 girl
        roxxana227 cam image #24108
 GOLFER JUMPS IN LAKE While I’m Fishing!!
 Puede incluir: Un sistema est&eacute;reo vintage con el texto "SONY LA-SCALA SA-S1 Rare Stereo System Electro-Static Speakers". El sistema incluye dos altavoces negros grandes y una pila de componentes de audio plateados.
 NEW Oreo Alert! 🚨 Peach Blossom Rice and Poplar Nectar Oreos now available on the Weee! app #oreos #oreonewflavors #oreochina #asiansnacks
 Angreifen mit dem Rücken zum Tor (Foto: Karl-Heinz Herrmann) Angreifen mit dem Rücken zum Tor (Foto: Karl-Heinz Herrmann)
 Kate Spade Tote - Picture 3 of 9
══════════════════════════════
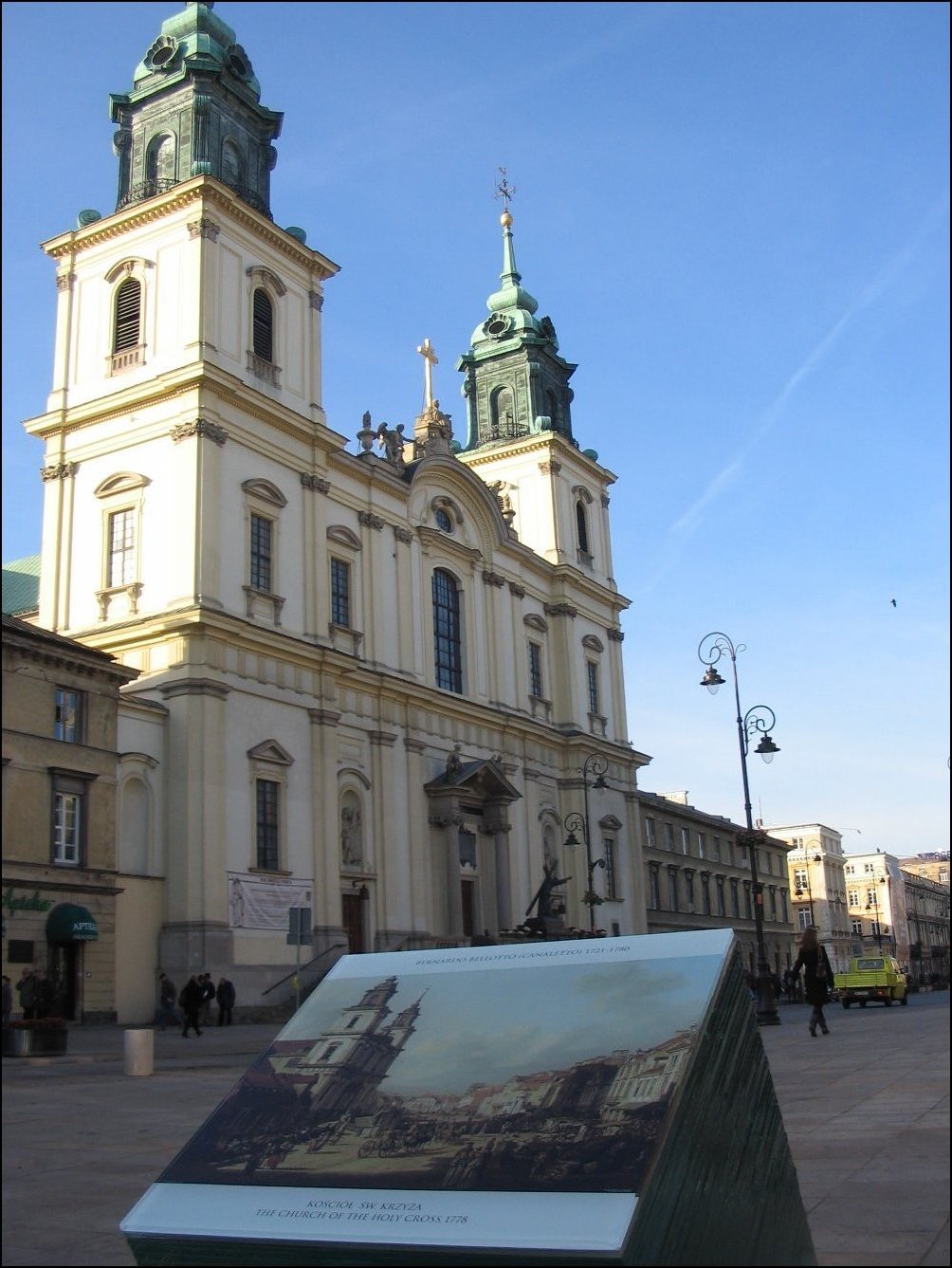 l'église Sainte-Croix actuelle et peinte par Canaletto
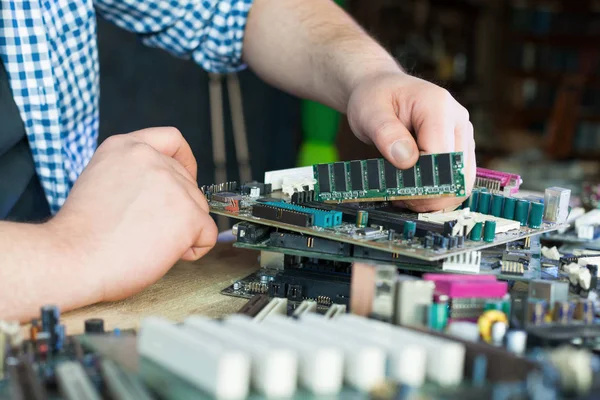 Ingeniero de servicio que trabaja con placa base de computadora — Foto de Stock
══════════════════════════════
### TASK STATEMENT
In the listing above, find the line with "Puede incluir: Un" and the line with "Kate Spade Tote - Picture 3 of 9"; set down exactly those two lines and every line between them, nothing more.

### TASK SOLUTION
 Puede incluir: Un sistema est&eacute;reo vintage con el texto "SONY LA-SCALA SA-S1 Rare Stereo System Electro-Static Speakers". El sistema incluye dos altavoces negros grandes y una pila de componentes de audio plateados.
 NEW Oreo Alert! 🚨 Peach Blossom Rice and Poplar Nectar Oreos now available on the Weee! app #oreos #oreonewflavors #oreochina #asiansnacks
 Angreifen mit dem Rücken zum Tor (Foto: Karl-Heinz Herrmann) Angreifen mit dem Rücken zum Tor (Foto: Karl-Heinz Herrmann)
 Kate Spade Tote - Picture 3 of 9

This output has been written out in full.